North Korea has laundered money through US banks in an elaborate, years-long plot to evade international sanctions, according to a new report citing a leak of confidential documents from leading financial institutions.
The documents revealed that North Korea-linked organizations allegedly transferred more than $174.8 million illegally using shell companies and assistance from Chinese companies through US banks, including JPMorgan Chase and the Bank of New York Mellon, NBC News reported.
During that period, Washington had ramped up its sanctions against the Hermit Kingdom as Pyongyang pursued its nuclear and missile programs with vigor, according to the network.
Wire transfers from companies with shady ownership were made only days or hours apart in some instances, with amounts in round numbers and with no clear commercial reasons, according to the documents cited by NBC News.
Anti-money laundering expert Graham Barrow told the news outlet that those types of transactions are “red flags” that suggest efforts to hide the origins of illegal money.
Eric Lorber, a former Treasury Department official who worked on sanctions against the rogue regime during the Trump administration, told NBC News that “taken as a whole, you have what really, frankly, looks like a concerted attack by the North Koreans to access the US financial system over an extended period of time through multiple different avenues in ways that were fairly sophisticated.”
The trove of documents are part of the so-called “FinCEN Files” uncovered in the leak of suspicious activity reports, or SARs, filed with the Treasury’s Financial Crimes Enforcement Network, according to NBC News.
BuzzFeed News obtained the files in 2019 and shared them with the International Consortium of Investigative Journalists and other media outlets around the world.
FinCEN has announced plans for a major overhaul of the nation’s anti-money laundering rules as NBC and other media outlets prepared to report about the leaked documents.
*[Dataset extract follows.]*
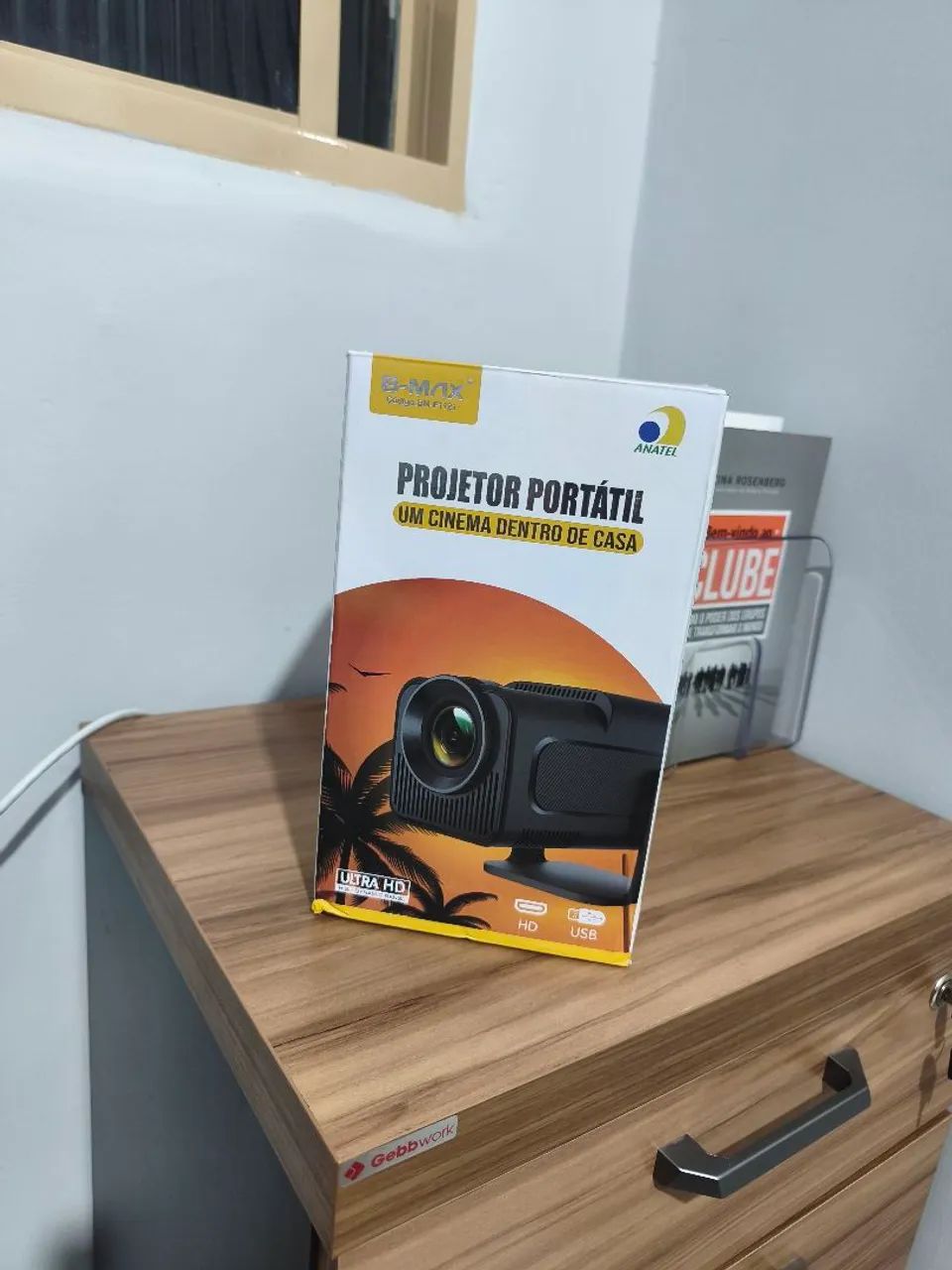 Projetor Hy320 - Foto 2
The highly confidential SARs are filed by financial institutions to alert authorities about potentially illegal transactions, but they do not necessarily represent evidence of criminality, according to the report.
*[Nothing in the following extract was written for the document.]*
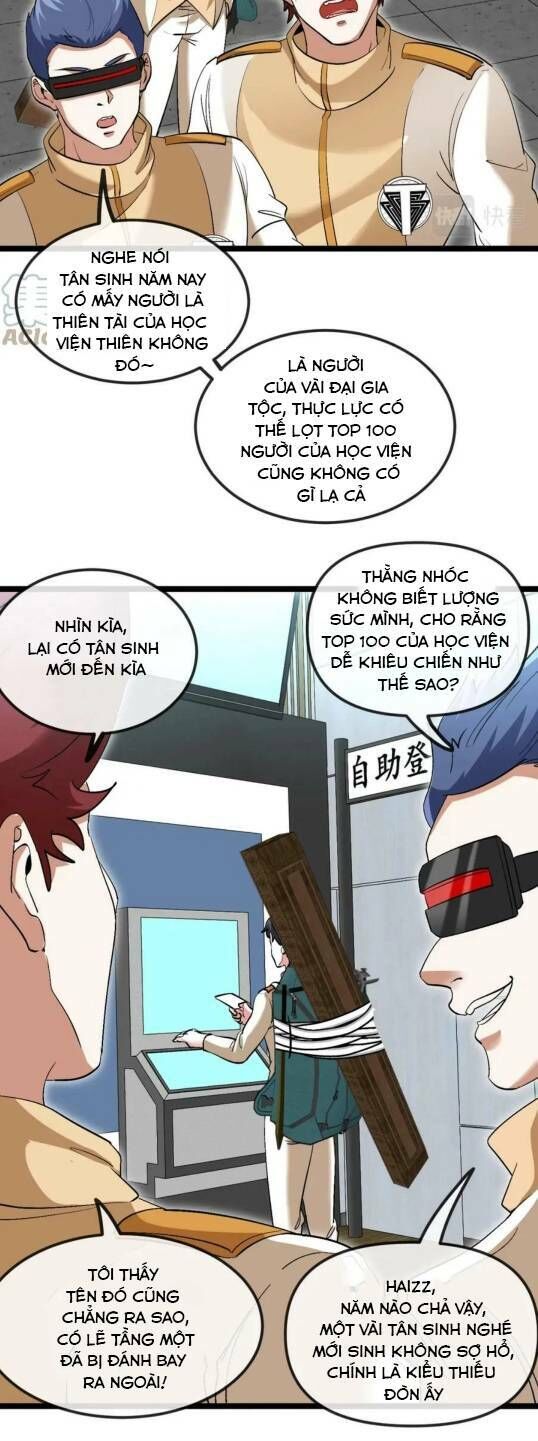 Hệ Thống Super God Chapter 77 - Trang 2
FinCEN condemned the leak of the materials, declined to comment on their content and said it had referred the matter to the Justice Department and the Treasury’s inspector general.
“As FinCEN has stated previously, the unauthorized disclosure of SARs is a crime that can impact the national security of the United States, compromise law enforcement investigations, and threaten the safety and security of the institutions and individuals who file such reports,” the department told NBC News.
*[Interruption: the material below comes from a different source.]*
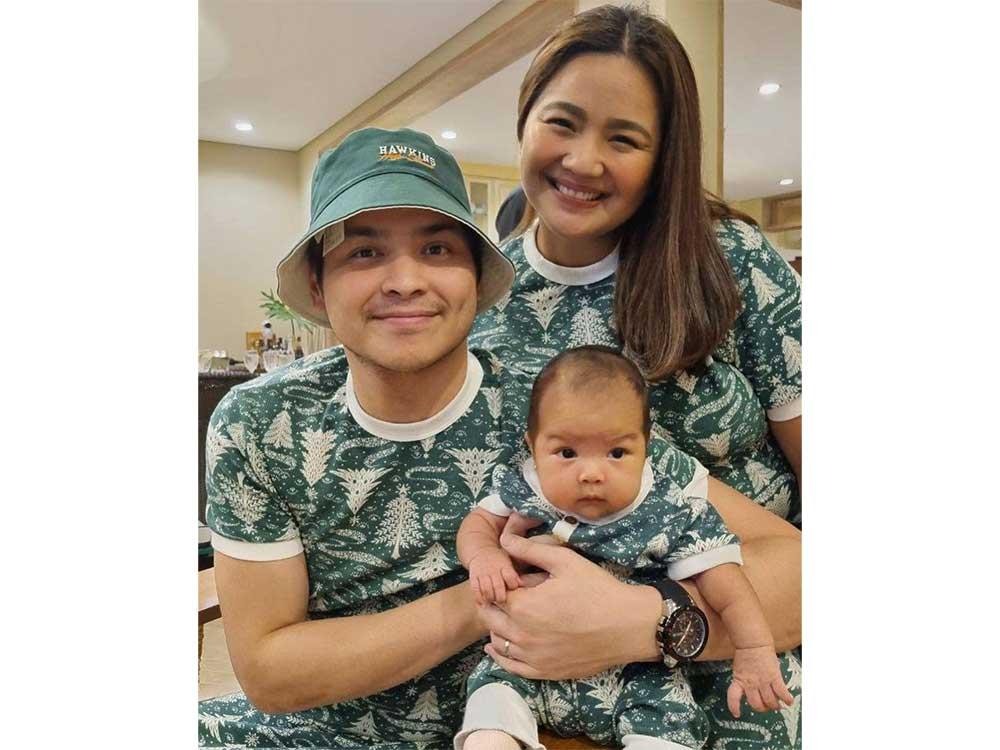 Ynna, Bully, and Baby Ava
“The documents you have in front of you, I think, help explain why the North Koreans have been so successful at sanction evasion,” Hugh Griffiths, former head of a UN Panel of Experts who tracked Pyongyang’s efforts to dodge sanctions, told the network.
“What you have is gold dust, because so few journalists, or investigators generally, get access to banking internal compliance documentation,” he added.
In one report cited by NBC News, JPMorgan informed the Treasury Department that the bank had overseen $89.2 million in transactions over a two-year period that benefited 11 companies believed to have ties to North Korea.
JPMorgan said it had previously flagged the companies as suspicious, according to the report, which said it was unclear why the bank approved the transactions given its stated suspicions.
The bank told NBC News it was prohibited by law from commenting on specific SARs, but said it has admitted to shortcomings and has invested in efforts to expand anti-money laundering, or AML, measures.
“We acknowledged in that 2014 report that our existing AML controls needed improvement, and have since devoted considerable resources to comply with the laws and regulations governing anti-money laundering, terrorist financing and economic sanctions,” a JPMorgan rep told the network.
“Today, thousands of employees and hundreds of millions of dollars are devoted to helping support law enforcement and national security efforts,” said the company,” the spokesperson added.
In another case, bank documents reveal how the head of a company in the Chinese city of Dandong along the North Korea border apparently laundered money.
The US has indicted the woman, Ma Xiaohong, her company, Dandong Hongxiang Industrial Development Corp., and others at the company on money-laundering charges and helping Pyongyang evade sanctions – though no one has yet been extradited, NBC News reported.
Federal prosecutors declined to comment to the outlet about the pending charges from last year and 2016.
Ma and her company allegedly routed money to North Korea through various countries by using shell companies to move tens of millions of dollars through banks in New York, according to the SAR filed by the Bank of New York Mellon, which reported that it handled suspicious transfers of $85.6 million.
The bank wrote that it was prompted to search through its records because of a “government inquiry,” according to NBC News, which reported that the bank permitted dozens of transfers despite media accounts that showed that Ma had talked openly about conducting business with Pyongyang.
The Bank of New York Mellon also said it could not comment but that it “takes its role in protecting the integrity of the global financial system seriously” and fully complies with applicable laws and regulations, according to the report.